Can I Wake Up? / Yoani Sanchez

rodiles_libertadSometimes when I’m restless I dream that I move, that I change houses over and over without being able to enjoy any of them. In this recurring nightmare, my life is dismantled and my childhood photos are lost in some moving van. But this only happens to me on nights of midlevel anxiety. This week, for example, has been different. The wee hours find me walking on an endless dark road. I put my head on the pillow and return to this trail surrounded by high grass, with the sound of cicadas boring holes in my ears. I’m not alone, at my side are familiar faces: my friends of laughter and dungeons, of hugs and terrors. We talk and the phrases are cut in half because they disappear into the weeds, they go… they take them. Every night I no more close my eyes than the bushes return to swallow my loved ones.

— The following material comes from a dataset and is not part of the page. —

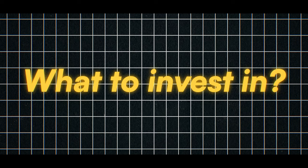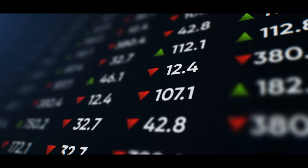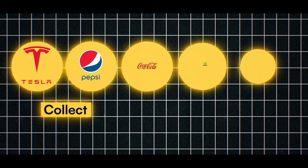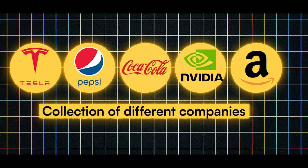Now that you've got a brokerage account, you want to know what you should be investing in. When it comes to the stock market, there are two main options. There are ETFs — exchange traded funds — and then there are individual stocks. We'll go through the pros and cons of each so you can figure out which is best for you and your goals. ETFs are essentially a collection of various different companies all clumped together into one investment, often referred to as a basket of stocks.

I get up in the morning and tell myself, “It’s all over, it was just a dream.” But after a while the phone rings and someone tells me that Antonio Rodiles remains in custody, accused of resisting an arrest as arbitrary as it was unjust. I go to the bathroom, my eyelids still half open and realize that just a few hours ago Angel Santiesteban had been released after they forced him into a police car with blows. The morning coffee percolates on the stove and I check my cellphone, full of denunciations of the abuse of the Ladies in White in several areas of the country. The light still has the red hue of dawn and I already feel that the long road retraced in my dreams extends into reality.

It’s not the weeds, but the intolerance; not the song of the cicadas but the shouts of the authoritarians; not the night but the lack of freedom. Because when noon comes I’ve already found I can’t escape them, pinching my forearms or even putting my head under cold water doesn’t work. It’s a fact that those “abducted” friends are a concrete reality, tangible, not a nocturnal delirium. The afternoon advances and I understand that my nightmare is all around me and I end up returning to the trail surrounded by high grass. But this time there is only me, talking to myself so the darkness won’t scare me to death. Someone – I don’t see who – grabs me and shoves me into the weeds. It’s three hours before the alarm goes off and I wake up.